The British Columbia Wildlife Park puts visitors up close with some of B.C.'s most one-of-a-kind creatures, while educating the public and engaging in research, captive breeding and rehabilitation. From Arctic wolves, grizzly bears, and bobcats, to hoofed animals such as bison, elk, and moose, you'll encounter some pretty amazing wildlife. There is also an awesome exhibit on birds of prey, and one highlighting the waterfowl and insects that call this province home. Make sure to stop into the Discovery Centre, which boasts an eco gallery, a wildlife education centre with interactive exhibits, a gift shop, a cafe, and more.
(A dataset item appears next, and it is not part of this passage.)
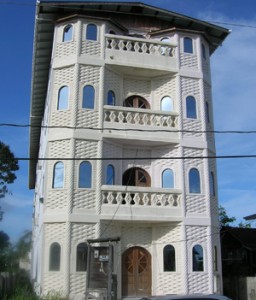 The front of the hotel on Joseph Pollydore Street, Lodge is a deception of the emptiness inside, after bandits had carried away the television sets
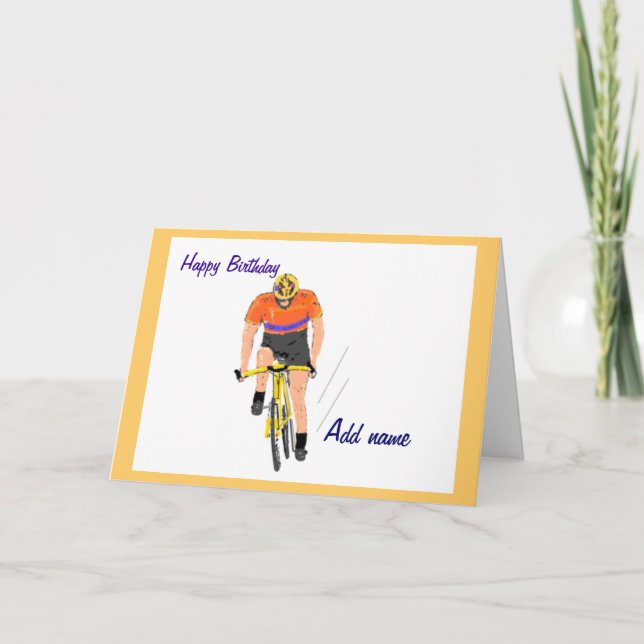 Cyclist Racing birthday card. Change name. Card (Front)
Just a few short miles outside the famed Wells Gray Provincial Park, the Clearwater / Wells Gray KOA Journey is the perfect home base for exploring the many waterfalls in the park-- which is ideal, because you'll want to spend at least a full day there. This campground can accommodate RVers, tent campers, and those unprepared to "sleep under the stars" with Camping Cabins and an onsite motel. The heated pool, mini golf course, and sand volleyball court are bonuses that make a stay here extra special.
Covering 1.3 million acres of wilderness high in the Cariboo Mountains, Wells Gray Provincial Park is a place of great (and widely varied) beauty. Rocky canyons, alpine meadows, clear mountain lakes, dramatic peaks, and, of course, 39 named waterfalls can be found within the park’s boundaries. Helmcken Falls is probably the most famous; it's the fourth largest waterfall in Canada, with a vertical drop of 463 feet. Helmcken is easy to access and surrounded by several viewpoints and trails. Other popular attractions in the park include Table Mountain Meadow, Trophy Mountain for hiking, the abandoned Ray Farm homestead, and Clearwater Lake for boating. Additionally, tour operators around the park offer guided adventures for those interested in rafting, kayaking, fishing, hiking, wildlife viewing, and in the winter, dogsledding and snowmobiling, among other options.
As you explore British Columbia's stunning canyons from atop a zipline, meet its native wildlife, boat through the province's crystal clear mountain lakes, camp within its lush pine forests, and meet its resident fairytale creatures, you'll find there's much, much more to this province than might originally meet the eye.